Give instruction to a wise man, and he will be still wiser;

Teach a just man, and he will increase in learning.”

Proverbs 27:5-6

“Open rebuke is better

Than love carefully concealed.

“Faithful are the wounds of a friend,

But the kisses of an enemy are deceitful.”

This letter speaks of how Paul feared that his confrontation of sin had only caused things to get worse. The pleasure of sin is brief, while the sorrow it produces lasts; the sorrow of repentance is brief, while the joy it produces lasts.

This text helps us to discern between “godly sorrow” and “sorrow” (remorse). The Corinthians’ remorse was not a sorrow of self-pity, of getting caught, of despair, bitterness, wounded pride, or manipulative remorse. Their sorrow led to repentance (a change of mind, heart, and life. It’s a turning from sin to holiness) which produced genuine change.

They were not defensive; they did not view themselves as victims or seek to justify their sinful behavior. Their sorrow was in “a godly manner,” according to the will of God. It was the healing, transforming sorrow for sin that God intended for them to feel, because it produces repentance.

2 Corinthians 7:9, “Now I rejoice, not that you were made sorry, but that your sorrow led to repentance. For you were made sorry in a godly manner, that you might suffer loss from us in nothing.”

“that you might suffer loss from us in nothing” – Paul was comforted by their response. There were many blessings God could pour out on the Corinthians through his ministry. Had they remained alienated from him, they would have forfeited their blessings.
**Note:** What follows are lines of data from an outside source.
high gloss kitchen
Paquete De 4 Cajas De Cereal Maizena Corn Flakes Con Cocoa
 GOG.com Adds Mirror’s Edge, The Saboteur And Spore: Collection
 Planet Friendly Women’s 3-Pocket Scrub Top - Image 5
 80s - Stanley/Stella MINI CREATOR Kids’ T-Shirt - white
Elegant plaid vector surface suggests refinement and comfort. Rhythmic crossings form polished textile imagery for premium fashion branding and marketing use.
Paul’s concern was not for his loss, but theirs.

According to v.10, no one who truly repents will ever regret it, or the sorrow that led to it.

2 Corinthians 7:10, “For godly sorrow produces repentance leading to salvation, not to be regretted; but the sorrow of the world produces death.”

True biblical repentance is not psychological, emotional, human remorse, seeking merely to relieve stress and improve one’s circumstances. The “sorrow of the world” – remorse, wounded pride, self-pity, unfulfilled hopes, has no healing power, no transforming, saving, or redeeming capability. It produces guilt, shame, resentment, anguish, despair, depression, hopelessness, even death.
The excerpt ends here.